An Tanaiste and Minister for Business, Enterprise & Innovation Frances Fitzgerald, today announced the launch of the BioExel Accelerator at NUI Galway.

Supported by Enterprise Ireland, the centre will further enhance the medical technology sector start-up ecosystem within Ireland and attract global talent to the Galway region.

Partnership sponsors for the accelerator include the Western Development Commission, the Galway University Foundation and the Bank of Ireland Seed and Early Stage Equity Fund.

The programme is open to applications from teams or individuals both in Ireland or overseas, working in the medtech sector. There are up to 14 slots available within the Enterprise Ireland supported Accelerator Programme over two cohorts with the first to commence later this year.

Successful applicants will receive membership and a place within NUI Galway for six months, where teams will be able to build and validate their technologies by working with existing entrepreneurial networks and mentors.

The programme is part of Enterprise Ireland’s strategy to increase the number and quality of start-ups that have the potential to employ more than 10 people and achieve €1 million in export sales within three years.

Announcing the launch of BioExel, An Tanaiste Frances Fitzgerald said: “Ireland is recognised as a key hub for medical technology and innovation and the launch of this new accelerator is an opportunity to further build on our strong international reputation for excellence and innovation in healthcare and medtech.

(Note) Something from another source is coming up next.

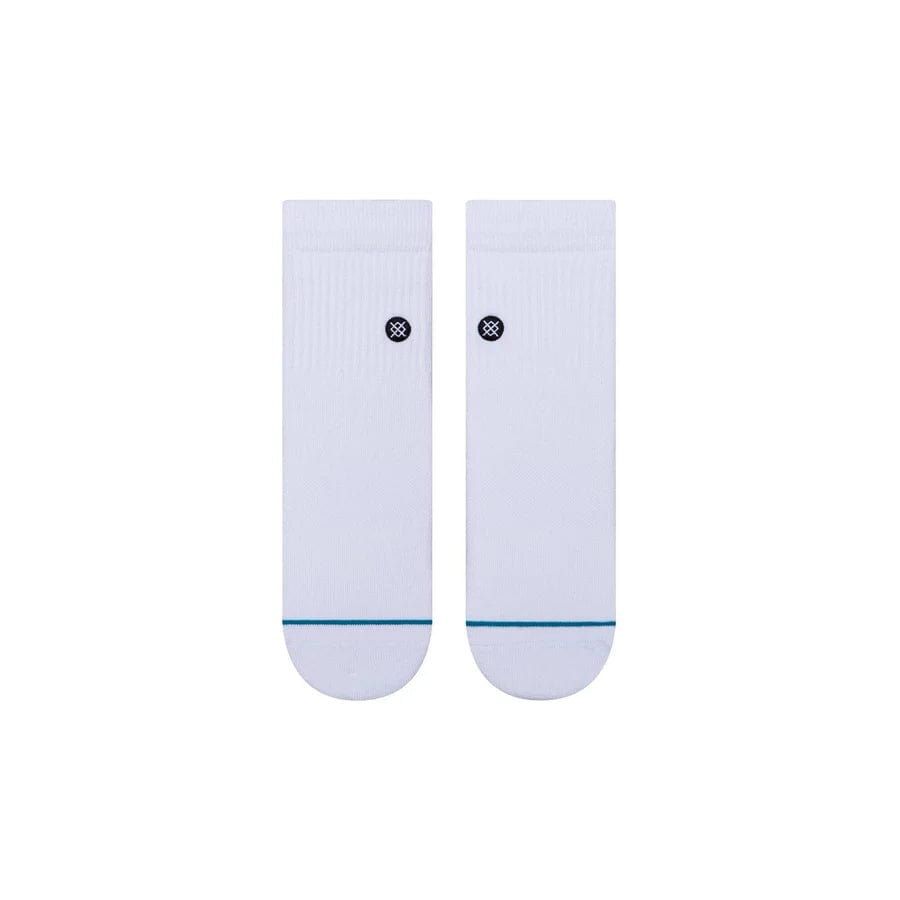 STANCE ACCESSORIES Icon Quarter Socks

“The Accelerator programme located at NUI Galway and supported by my department through Enterprise Ireland will further enhance the High Potential Start-up (HPSU) ecosystem and develop start-up capability, infrastructure and capital investment within the Galway region.”

“The vision here is to create innovative medical technologies which are affordable and transformative for patients with both acute and chronic conditions,” said Prof Lokesh Joshi, Vice-President for Research at NUI Galway. “The BioExel Accelerator will bring us closer to this patient-focused vision, while also stimulating innovation and job creation though high-potential start-ups.”